Summary: Cambodia remains on the global TB watch list, and the path toward ending TB was impeded by the missing cases. Hard-to-reach minority communities living in remote areas are facing less access TB diagnosis and treatment. Bringing the service closer to the communities will increase service uptake and reduce TB infection.


Transmission pathways across the spectrum of TB disease – how much transmission are we missing?

  • Background: As new technologies are developed to diagnose and treat tuberculosis (TB) disease before individuals self-report to a clinic, it is key to understand how much transmission is left undiagnosed by current policies. Here we extended a data-driven, mathematical modelling approach to quantify different pathways through the spectrum of TB disease in terms of transmission contribution.
  • Design/Methods: We simulated 10-year pathways for 1,000 cohorts of 10,000 individuals using a deterministic modelling framework of Mycobacterium tuberculosis (Mtb) infection with progression and regression across minimal (pathological damage but not infectious), subclinical (pathological damage and infectious) and clinical (infectious and reporting symptoms) TB disease, acknowledging natural recovery, treatment, and mortality. Transition parameters were informed by historical and contemporary data, and subclinical disease was assumed 50% as infectious as clinical disease. We grouped individuals based on whether they contributed to transmission and whether or not they progressed to clinical disease. The main outcome was the proportion of all transmission attributable to each pathway group.

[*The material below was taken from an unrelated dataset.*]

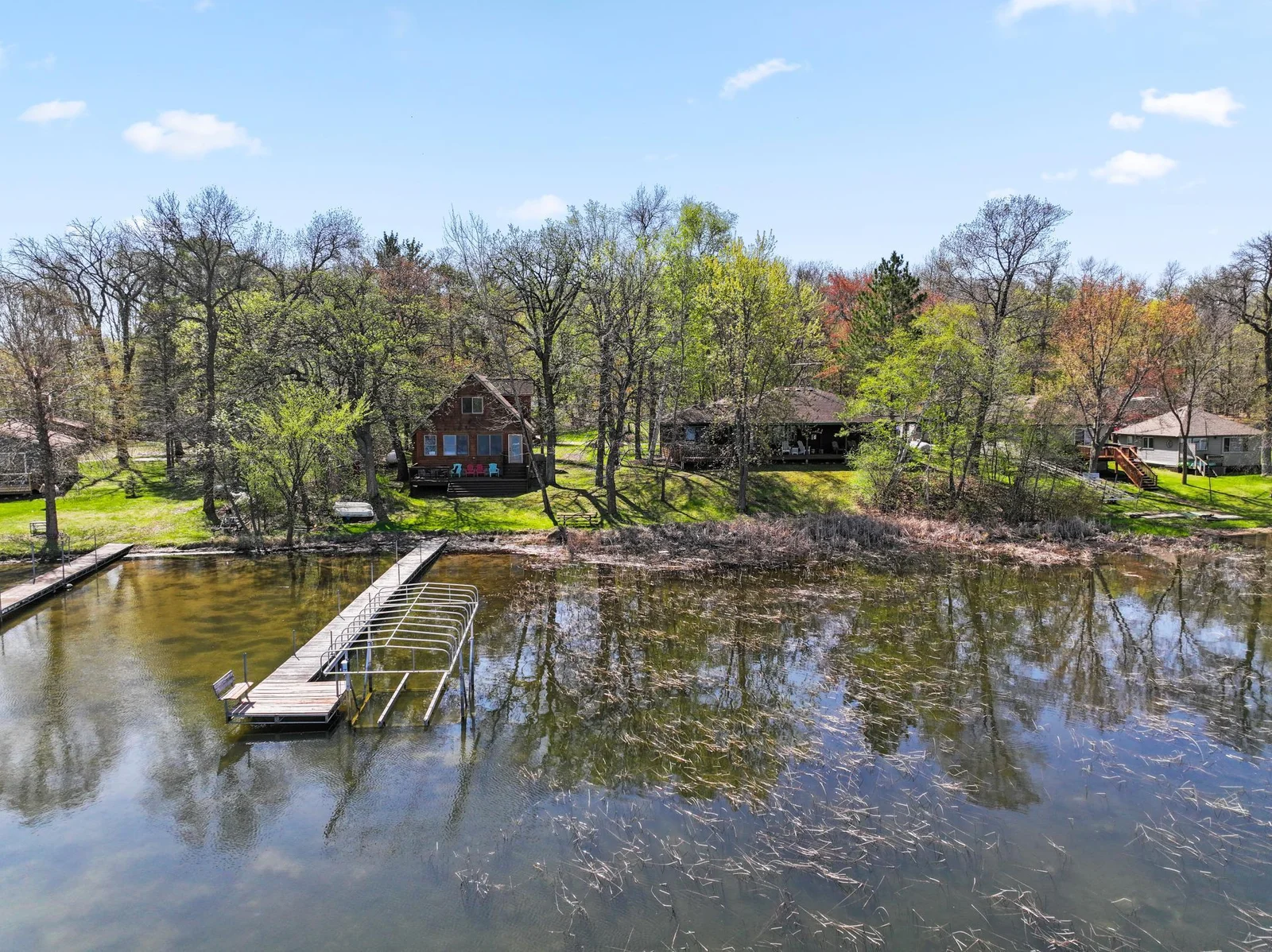 Two nice homes on 151 feet of hard sand bottom lake shore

  • Results: We estimate that 93.5% (95% credible interval, CrI, 93.1-94.0) of Mtb-infected individuals will not contribute to transmission within 10 years of Mtb infection. 51.9% (95% CrI 48.4-55.7) of those that do contribute will never progress to clinical disease, driving over one third (35.5%, CrI 29.5-43.1) of all transmission over a 10 year period. This increased to 50.3% (95% CrI 42.0-61.2) if we assumed no difference in relative infectiousness for subclinical TB.
  • Conclusions: Our findings suggest that at least one third, and up to half, of transmission following Mtb infection comes from individuals who will never progress to clinical disease, and are left undiagnosed by current policies. If we are to End TB and halt transmission, TB care and prevention policies need to consider all infectious TB, not just who report to a clinic.